* Records shown:

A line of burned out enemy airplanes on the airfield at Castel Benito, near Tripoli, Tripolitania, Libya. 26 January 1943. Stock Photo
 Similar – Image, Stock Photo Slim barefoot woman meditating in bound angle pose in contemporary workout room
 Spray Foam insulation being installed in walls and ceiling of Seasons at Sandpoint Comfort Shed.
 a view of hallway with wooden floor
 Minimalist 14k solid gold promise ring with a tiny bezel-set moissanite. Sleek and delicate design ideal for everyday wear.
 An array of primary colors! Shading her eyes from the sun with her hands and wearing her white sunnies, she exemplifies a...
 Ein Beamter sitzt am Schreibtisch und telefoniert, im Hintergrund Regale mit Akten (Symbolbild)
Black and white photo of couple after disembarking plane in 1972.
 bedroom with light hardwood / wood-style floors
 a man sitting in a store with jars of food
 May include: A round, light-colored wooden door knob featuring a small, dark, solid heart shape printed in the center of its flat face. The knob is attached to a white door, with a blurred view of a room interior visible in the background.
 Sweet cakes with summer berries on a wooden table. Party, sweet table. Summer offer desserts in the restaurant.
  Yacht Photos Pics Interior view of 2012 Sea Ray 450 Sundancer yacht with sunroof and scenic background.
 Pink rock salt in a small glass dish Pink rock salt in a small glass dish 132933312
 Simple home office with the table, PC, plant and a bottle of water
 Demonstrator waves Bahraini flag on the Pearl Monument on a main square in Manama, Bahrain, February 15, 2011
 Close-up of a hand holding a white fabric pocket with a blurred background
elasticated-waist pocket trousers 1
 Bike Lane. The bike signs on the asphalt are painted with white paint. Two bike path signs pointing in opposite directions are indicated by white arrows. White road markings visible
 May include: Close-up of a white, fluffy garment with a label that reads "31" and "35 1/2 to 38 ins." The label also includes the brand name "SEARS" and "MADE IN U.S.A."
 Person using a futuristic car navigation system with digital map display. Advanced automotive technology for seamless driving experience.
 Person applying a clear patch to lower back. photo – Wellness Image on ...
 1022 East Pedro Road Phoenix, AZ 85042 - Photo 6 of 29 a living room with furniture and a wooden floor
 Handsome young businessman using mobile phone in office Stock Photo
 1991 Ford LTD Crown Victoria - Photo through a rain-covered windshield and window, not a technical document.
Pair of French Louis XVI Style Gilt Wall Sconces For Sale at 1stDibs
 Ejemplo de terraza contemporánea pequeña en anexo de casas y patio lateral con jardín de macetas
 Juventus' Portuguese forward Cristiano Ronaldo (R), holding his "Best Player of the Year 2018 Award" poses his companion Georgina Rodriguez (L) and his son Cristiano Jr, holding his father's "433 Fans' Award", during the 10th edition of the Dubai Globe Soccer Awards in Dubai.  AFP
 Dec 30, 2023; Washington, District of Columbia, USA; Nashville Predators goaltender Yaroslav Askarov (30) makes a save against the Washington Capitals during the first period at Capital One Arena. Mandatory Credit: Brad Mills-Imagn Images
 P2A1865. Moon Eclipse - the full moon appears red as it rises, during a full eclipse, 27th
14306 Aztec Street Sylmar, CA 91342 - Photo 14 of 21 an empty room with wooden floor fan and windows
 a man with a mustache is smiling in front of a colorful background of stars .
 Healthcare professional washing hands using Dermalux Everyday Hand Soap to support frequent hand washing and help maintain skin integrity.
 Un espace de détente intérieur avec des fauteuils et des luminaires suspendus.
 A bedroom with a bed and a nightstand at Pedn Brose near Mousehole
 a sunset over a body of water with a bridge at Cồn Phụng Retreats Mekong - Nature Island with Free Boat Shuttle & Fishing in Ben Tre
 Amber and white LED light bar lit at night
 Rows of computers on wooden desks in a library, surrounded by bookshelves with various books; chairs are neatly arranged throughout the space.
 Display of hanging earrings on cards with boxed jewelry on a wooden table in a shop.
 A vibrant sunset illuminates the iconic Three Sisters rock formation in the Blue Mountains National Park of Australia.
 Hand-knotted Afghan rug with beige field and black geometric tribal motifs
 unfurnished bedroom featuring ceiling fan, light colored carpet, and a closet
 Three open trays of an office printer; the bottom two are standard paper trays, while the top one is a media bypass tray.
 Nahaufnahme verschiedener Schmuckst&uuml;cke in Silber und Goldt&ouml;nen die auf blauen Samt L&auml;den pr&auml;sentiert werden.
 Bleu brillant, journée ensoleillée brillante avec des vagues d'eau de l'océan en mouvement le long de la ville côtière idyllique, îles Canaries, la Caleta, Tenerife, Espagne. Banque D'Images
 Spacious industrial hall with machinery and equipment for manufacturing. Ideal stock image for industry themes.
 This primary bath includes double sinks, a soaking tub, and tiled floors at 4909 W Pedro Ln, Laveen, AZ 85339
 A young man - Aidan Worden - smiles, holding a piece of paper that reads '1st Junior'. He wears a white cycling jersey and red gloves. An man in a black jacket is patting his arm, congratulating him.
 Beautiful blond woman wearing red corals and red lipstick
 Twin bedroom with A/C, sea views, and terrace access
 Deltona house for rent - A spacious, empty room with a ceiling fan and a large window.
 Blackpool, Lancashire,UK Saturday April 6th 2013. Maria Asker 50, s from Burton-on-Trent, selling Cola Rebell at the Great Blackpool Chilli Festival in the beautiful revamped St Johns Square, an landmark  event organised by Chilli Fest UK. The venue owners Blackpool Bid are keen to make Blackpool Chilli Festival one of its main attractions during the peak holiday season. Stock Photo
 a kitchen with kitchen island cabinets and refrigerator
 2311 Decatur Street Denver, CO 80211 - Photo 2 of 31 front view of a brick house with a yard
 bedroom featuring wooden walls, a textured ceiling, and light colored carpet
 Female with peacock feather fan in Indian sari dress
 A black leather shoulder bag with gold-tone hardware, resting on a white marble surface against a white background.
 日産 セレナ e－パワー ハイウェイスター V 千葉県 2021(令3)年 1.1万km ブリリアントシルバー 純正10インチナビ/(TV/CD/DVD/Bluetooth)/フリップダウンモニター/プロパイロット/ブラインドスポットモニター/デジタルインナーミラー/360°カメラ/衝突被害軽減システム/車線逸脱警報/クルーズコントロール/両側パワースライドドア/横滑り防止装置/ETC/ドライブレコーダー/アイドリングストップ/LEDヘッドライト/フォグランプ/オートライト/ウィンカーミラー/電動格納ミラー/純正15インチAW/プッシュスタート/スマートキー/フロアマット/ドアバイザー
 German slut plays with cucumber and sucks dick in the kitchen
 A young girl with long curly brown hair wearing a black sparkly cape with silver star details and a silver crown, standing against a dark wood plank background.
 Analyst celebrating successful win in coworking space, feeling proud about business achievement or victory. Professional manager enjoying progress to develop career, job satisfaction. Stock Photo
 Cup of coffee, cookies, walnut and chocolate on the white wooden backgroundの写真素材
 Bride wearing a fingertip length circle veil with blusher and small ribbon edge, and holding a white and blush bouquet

* What you have to do:
Please copy every line in the entries where "kitchen" appears.

* Written response:
 a kitchen with kitchen island cabinets and refrigerator
 German slut plays with cucumber and sucks dick in the kitchen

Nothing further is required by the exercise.